* Source information:
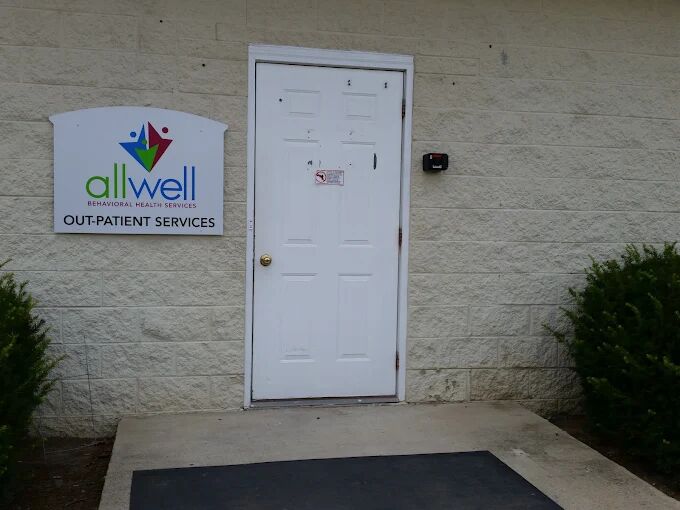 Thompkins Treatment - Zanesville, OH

---

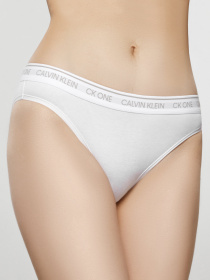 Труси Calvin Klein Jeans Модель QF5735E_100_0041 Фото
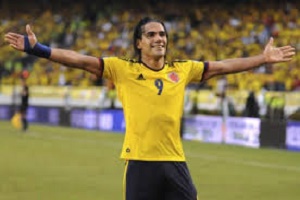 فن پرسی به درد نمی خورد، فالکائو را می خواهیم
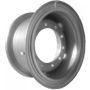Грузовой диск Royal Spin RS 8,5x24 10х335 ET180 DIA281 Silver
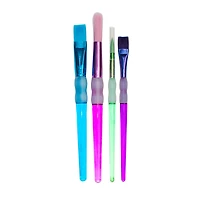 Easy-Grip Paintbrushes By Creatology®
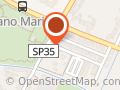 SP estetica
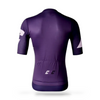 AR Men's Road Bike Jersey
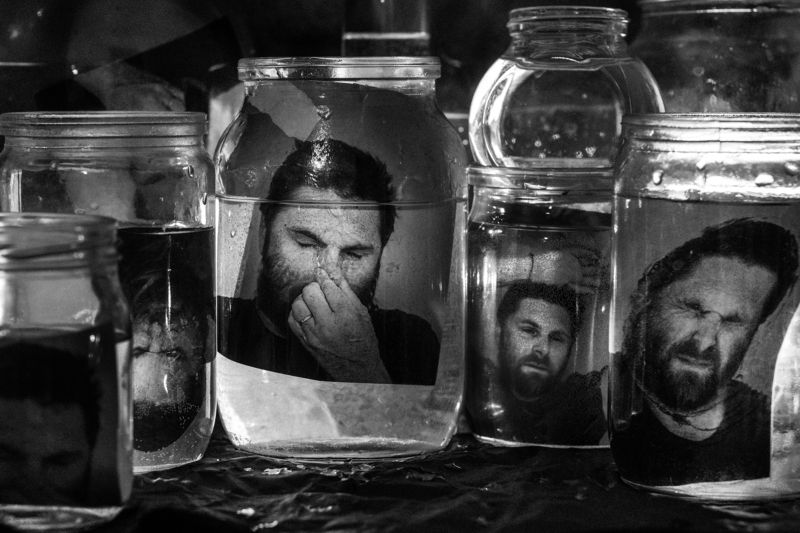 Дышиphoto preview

* * *

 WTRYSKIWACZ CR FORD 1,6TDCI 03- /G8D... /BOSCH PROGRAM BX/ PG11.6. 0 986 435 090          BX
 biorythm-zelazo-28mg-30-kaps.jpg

* Task instructions:
Out of the records above, please copy exactly the lines from the line with "SP estetica" up to and including the line with "Дышиphoto preview", minus the pictures.

* Solution to this problem:
 SP estetica
 AR Men's Road Bike Jersey
 Дышиphoto preview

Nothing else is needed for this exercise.